Nalin Jain, the president and chief executive South Asia for GE aviation and transportation, says that the US group is seeing significant scope for growth in India. GE is investing more than $200 million to set up a factory to manufacture locomotives to be supplied to Indian railways after it won a $2.6bn contract in November.

“As we speak right now, we’ve broken ground and we’re building the factory … in a very underdeveloped part of the country in Bihar,” says Mr Jain.

He says that on the aerospace side, GE has been partnering with the Indian government and airlines for years, with the company providing engines to commercial and military planes in the country.

The company has 21 factories across India. GE’s largest research and design facility outside of the US is in Bangalore.

“Enormous headroom exists to unshackle the real potential of the trade and develop and strengthen the strategic relationship between the two nations,” according to a recent report by the consultancy PwC.

“For instance, trade in the energy sector is expected to rise with India’s growing natural gas imports and the US having a surplus of shale gas.”

There are hurdles to overcome, however, PwC says.

“Some of the key challenges in achieving this goal include India’s poor record in the ease of doing business ranking and speed of decision making as well as the US government’s restrictive visa policy and restrictions on technology transfer.
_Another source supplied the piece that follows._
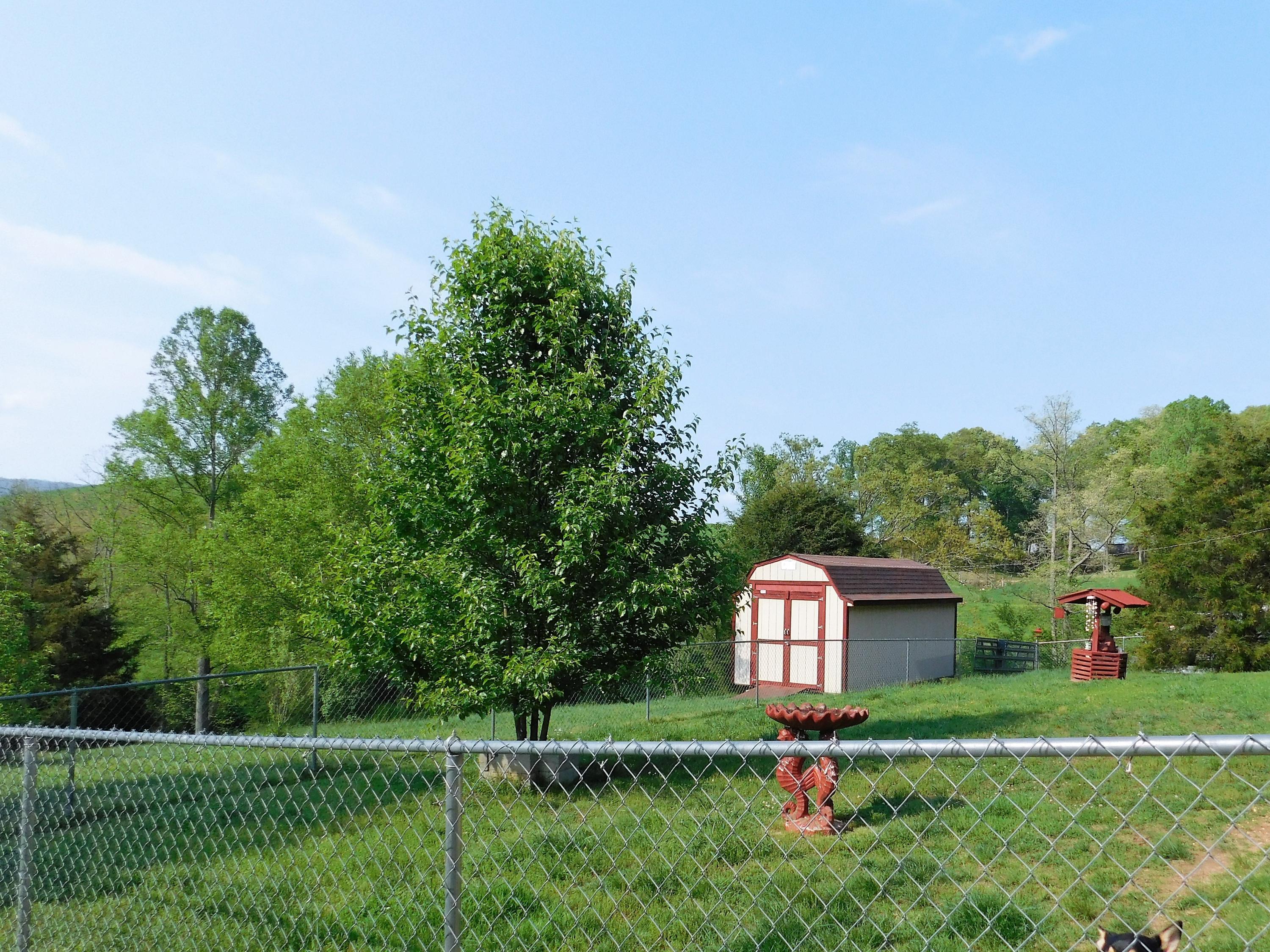 275 Boones Hollow Road Speedwell, TN 37870 - Photo 21 of 34 275 17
To overcome these challenges, Indian and US governments need to improve the business environment, provide tax incentives and simplify regulations.”

To the dismay of Indian IT companies, the US has increased fees on two types of working visas and it is feared that visas will become even more difficult to obtain should the Republican presidential candidate, Donald Trump, come to power.

With the recent announcement of a new goods and services tax (GST), which will replace the convoluted taxation system across different states with a single tax, it should become easier for foreign companies to do business in India, says Mr Goyal. China had lost its “competitive edge”, presenting an opportunity for India, he says.

He says that there are chances for US companies to invest in the renewable energy sector in particular.

Mehnaz Ansari, the United States Trade and Development Agency’s representative to India, says that she remains confident about the opportunities and growth for US companies operating in India, partly because of the amount of infrastructure development that is taking place and is required in the country. Plans to develop smart cities provide a huge opportunity for US companies, she says.

“We have been doing very well in areas of energy, civil aviation … and railways is another area that is opening up” in terms of bringing US companies to India, she says.

“We are looking at what technologies we can bring from the US into projects in India,” says Vinayak Deshpande, the managing director of Tata Projects, which is working on projects including developing freight corridors.

“Currently the infrastructure markets are so strong in India that we focus our work in India, but we look for technologies from a developed market like the United States, such as signalling and electrification.”

He says that the geographical distance between the US and India was a negative factor in developing business relations.

“I think the US business people have to be here more often and understand the market, which is a high-growth market. They need to make investments in managing the services afterwards. For example, we buy the equipment but we need good services to make it run properly and we need training and education on their equipment.”

And with the US elections approaching, business leaders are hopeful that regardless of the outcome, the progress on India and US economic relations can continue unhindered.

“I’m not too worried about Trump,” says Mr Kanodia. “I think finally he’s a businessman and he will do what is good for American business.”